### Task statement
The lines below starting at the line containing "Nicky Haydens Verlobte" and ending at the line containing "More Photos Of" are to be repeated exactly, with both ends kept and nothing else added.

### Exercise data
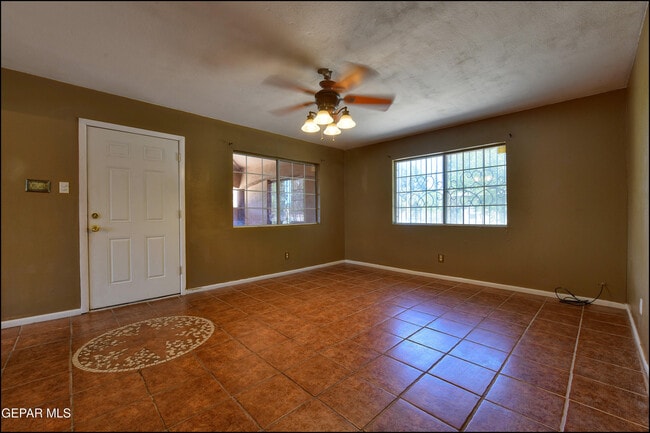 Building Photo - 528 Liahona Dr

==

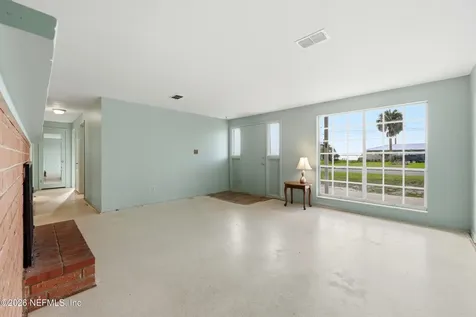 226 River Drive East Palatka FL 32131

--

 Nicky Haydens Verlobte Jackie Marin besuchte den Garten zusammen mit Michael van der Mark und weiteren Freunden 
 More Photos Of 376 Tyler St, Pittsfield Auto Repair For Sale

### Solved problem
 Nicky Haydens Verlobte Jackie Marin besuchte den Garten zusammen mit Michael van der Mark und weiteren Freunden 
 More Photos Of 376 Tyler St, Pittsfield Auto Repair For Sale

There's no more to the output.